Video classification is a fundamental problem in computer vision with
applications in action recognition, surveillance, sports analytics, and
human–computer interaction. The task involves assigning semantic labels to
video sequences by analyzing spatial and temporal information present across
frames.

This assignment presents a comparative study of classical and deep learning
approaches for video classification. Classical methods rely on hand-crafted
features combined with traditional machine learning algorithms, while modern
deep learning approaches learn spatiotemporal representations directly from
data.

The objective of this work is to analyze the evolution from classical to
deep learning–based video classification techniques and to understand the
trade-offs in terms of performance, interpretability, and computational cost.


## 2. Dataset Description

A subset of the HMDB51 dataset was used for this study. HMDB51 is a widely
used benchmark dataset for human action recognition, consisting of videos
from diverse real-world scenarios.

For this assignment, a binary classification task was formulated using the
following action classes:
- Walking
- Running

Each video is represented as a sequence of RGB frames stored in
class-specific folders. A reduced subset was chosen to ensure stable training
and evaluation under limited computational resources.


## 3. Methodology

### 3.1 Classical Video Classification Approach

The classical approach follows a traditional video analytics pipeline
consisting of feature extraction, feature aggregation, and classification
using machine learning algorithms.

#### 3.1.1 Feature Extraction

Three types of features were extracted from video frames:

- **Color Features:** RGB color histograms were computed to capture global
  color distribution across frames.
- **Texture Features:** Local Binary Pattern (LBP) descriptors were used to
  capture texture information from grayscale frames.
- **Motion Features:** Frame differencing was applied between consecutive
  frames to estimate motion intensity.

Frame-level features were aggregated temporally using statistical measures
such as mean and standard deviation to form a single video-level feature
vector.


### 3.2 Deep Learning–Based Approach

Deep learning approaches were implemented to automatically learn
spatiotemporal representations from video data.
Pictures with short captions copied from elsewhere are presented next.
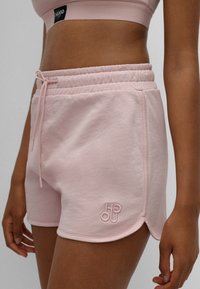 Růžové tepláky s elastickým pasem, stahovací šňůrkou a vyšitým logem. Měkká tkanina s hladkým povrchem a zakřiveným lemem.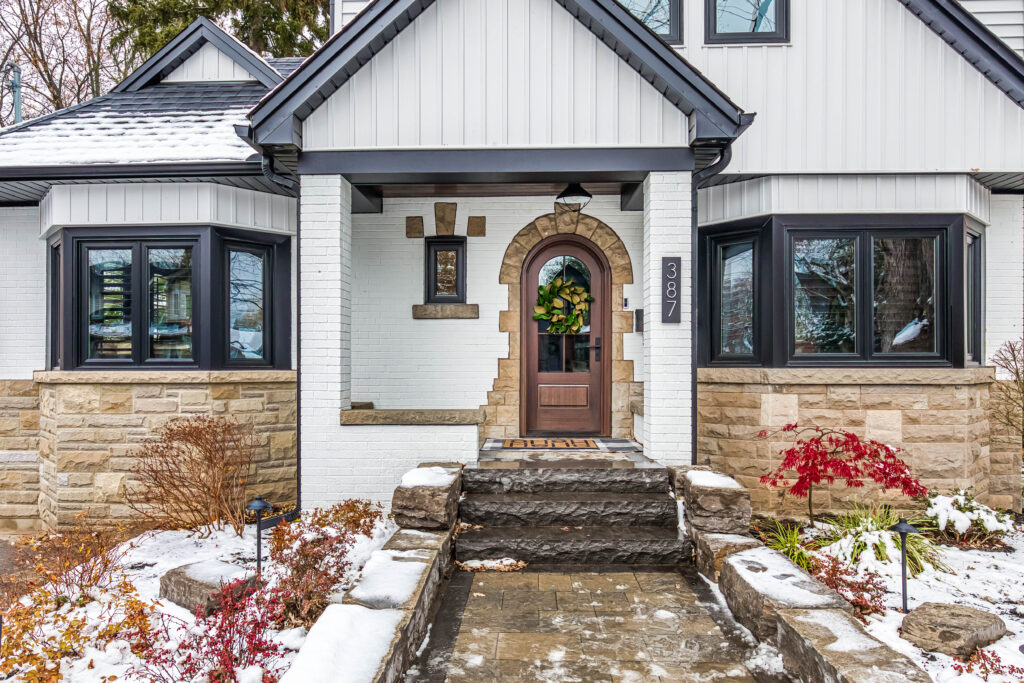 Front entrance of a house with stone steps, a brown door decorated with a wreath, large black-trimmed windows, and snow covering the ground and plants in the landscaping.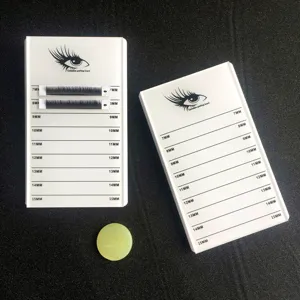 Acrylic eyelash extension pallet with length scale markings and jade glue holder tool detail.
#### 3.2.1 2D CNN with Temporal Pooling

A pre-trained ResNet-18 model was used as a frame-level feature extractor.
Features from multiple frames were aggregated using temporal average pooling
to obtain a video-level representation. Transfer learning was employed by
initializing the model with ImageNet weights.
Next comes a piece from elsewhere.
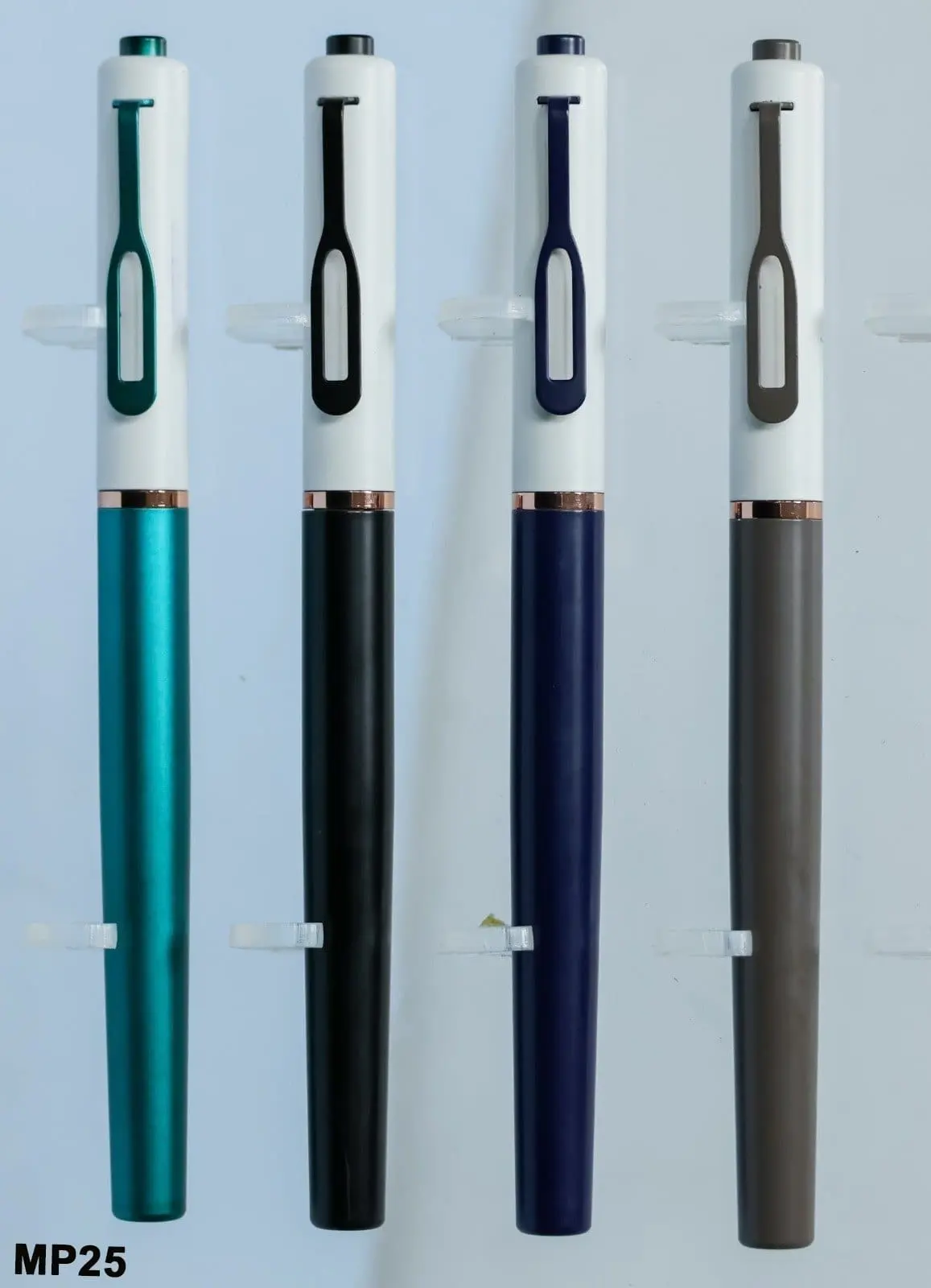 Four metal pens with white tops, loop clips and teal, black, navy and grey bodies, Hensa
#### 3.2.2 3D Convolutional Neural Network

A lightweight 3D CNN was implemented to demonstrate joint spatial and
temporal feature learning using 3D convolutions. Due to computational and GPU
session constraints, this model was demonstrated architecturally with limited
evaluation rather than full-scale training.


## 4. Experimental Setup

The dataset was split into training and testing sets using an 80:20 ratio.
All video sequences were temporally normalized to a fixed number of frames
to enable batch processing.

For classical methods, features were standardized before training machine
learning models including Support Vector Machines, Random Forests, and
Logistic Regression.

For deep learning models, training was performed using the Adam optimizer
and cross-entropy loss. Due to computational constraints, limited epochs
were used for training.